Her voice is very steady. I think about the wrong thing to say and I think about all the versions of this conversation I could have and then I say, "It's late. Go to bed. We can talk tomorrow when you've rested and—"
"Don't do that." Her voice is still quiet but the calmness has a threat to it. "I want to hear it." She takes one step into the room. "If you have ever felt anything genuine toward me, anything at all, then tell me what you're hiding."
Whatever I say next, I am going to lose her.
And I know, in the same moment, with the same absolute clarity, that she is my choice. That she has been my choice for longer than I have been willing to say. And that it doesn't matter because after I say what I have to say she will never be mine to choose.
I sit down.
"Your mother's accident," I say. "It was staged."
She doesn't move. "What?"
"Your father wanted headlines. He wanted sympathy from the public to advance his political career.

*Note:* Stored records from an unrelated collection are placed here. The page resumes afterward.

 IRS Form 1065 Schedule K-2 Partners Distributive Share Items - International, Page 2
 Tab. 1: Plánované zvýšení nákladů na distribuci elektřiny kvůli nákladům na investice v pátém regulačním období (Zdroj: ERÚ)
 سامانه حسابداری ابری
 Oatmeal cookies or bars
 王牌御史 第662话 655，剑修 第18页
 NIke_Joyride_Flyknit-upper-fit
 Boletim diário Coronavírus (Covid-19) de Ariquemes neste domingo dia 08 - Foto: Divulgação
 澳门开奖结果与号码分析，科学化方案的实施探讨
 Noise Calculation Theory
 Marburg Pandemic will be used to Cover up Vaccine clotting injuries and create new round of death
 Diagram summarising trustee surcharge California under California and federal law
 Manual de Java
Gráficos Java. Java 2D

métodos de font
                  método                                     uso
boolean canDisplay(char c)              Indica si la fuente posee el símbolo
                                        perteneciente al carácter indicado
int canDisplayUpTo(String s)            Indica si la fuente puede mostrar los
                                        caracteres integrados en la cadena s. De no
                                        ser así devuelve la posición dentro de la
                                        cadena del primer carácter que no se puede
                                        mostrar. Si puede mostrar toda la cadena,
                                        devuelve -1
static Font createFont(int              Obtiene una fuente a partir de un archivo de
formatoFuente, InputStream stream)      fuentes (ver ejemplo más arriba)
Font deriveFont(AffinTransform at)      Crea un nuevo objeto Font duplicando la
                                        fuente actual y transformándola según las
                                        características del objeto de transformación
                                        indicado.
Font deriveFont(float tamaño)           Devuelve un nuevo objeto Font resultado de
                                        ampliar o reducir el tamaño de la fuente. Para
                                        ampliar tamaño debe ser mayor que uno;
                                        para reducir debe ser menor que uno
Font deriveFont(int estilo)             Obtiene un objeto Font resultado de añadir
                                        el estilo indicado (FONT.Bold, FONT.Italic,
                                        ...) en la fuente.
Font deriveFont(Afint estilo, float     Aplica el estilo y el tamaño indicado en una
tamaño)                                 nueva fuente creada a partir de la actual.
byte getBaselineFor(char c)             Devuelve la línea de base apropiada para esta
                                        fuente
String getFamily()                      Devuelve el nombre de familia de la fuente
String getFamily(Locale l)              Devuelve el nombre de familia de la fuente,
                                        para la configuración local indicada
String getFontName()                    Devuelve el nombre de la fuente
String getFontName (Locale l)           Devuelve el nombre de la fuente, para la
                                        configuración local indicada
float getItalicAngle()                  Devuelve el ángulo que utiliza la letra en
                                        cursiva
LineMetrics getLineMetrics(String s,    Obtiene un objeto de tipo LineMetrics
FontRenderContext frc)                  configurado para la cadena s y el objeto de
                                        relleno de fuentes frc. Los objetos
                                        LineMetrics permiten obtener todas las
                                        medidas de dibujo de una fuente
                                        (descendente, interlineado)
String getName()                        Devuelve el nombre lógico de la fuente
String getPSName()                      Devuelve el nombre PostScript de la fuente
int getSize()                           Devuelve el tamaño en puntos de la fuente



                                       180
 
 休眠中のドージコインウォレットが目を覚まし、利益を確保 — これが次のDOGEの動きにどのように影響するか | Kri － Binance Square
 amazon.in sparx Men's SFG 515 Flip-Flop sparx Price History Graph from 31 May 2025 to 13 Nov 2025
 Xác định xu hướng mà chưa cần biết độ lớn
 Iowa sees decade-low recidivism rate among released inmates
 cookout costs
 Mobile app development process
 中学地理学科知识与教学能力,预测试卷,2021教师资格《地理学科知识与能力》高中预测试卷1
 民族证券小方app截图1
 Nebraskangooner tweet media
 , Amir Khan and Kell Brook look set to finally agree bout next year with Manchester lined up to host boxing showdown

" I keep my voice calm because one of us needs to be calm and it is not going to be her.
"He arranged an accident. A collision that looked serious enough to generate coverage.
He knew it was coming so he knew when to get out of the car.
" I pause. "Your mother didn't know. She wasn't part of the arrangement. She had no reason to jump."
She is very still.
"How do you know this?" she asks, and her voice has dropped to something I have to lean forward to hear.
I stand up and I go to her and I take her face in my hands and I look at her eyes and I plead, "Go to bed. Tomorrow I will tell you everything and—"
"Please." The word comes out so softly it barely makes a sound. "Please just tell me the truth."
I feel something in my chest that I don't have a word for.
I look at her face in my hands and I say, "My father worked with your father to stage the accident."
And I watch the light go out of her eyes.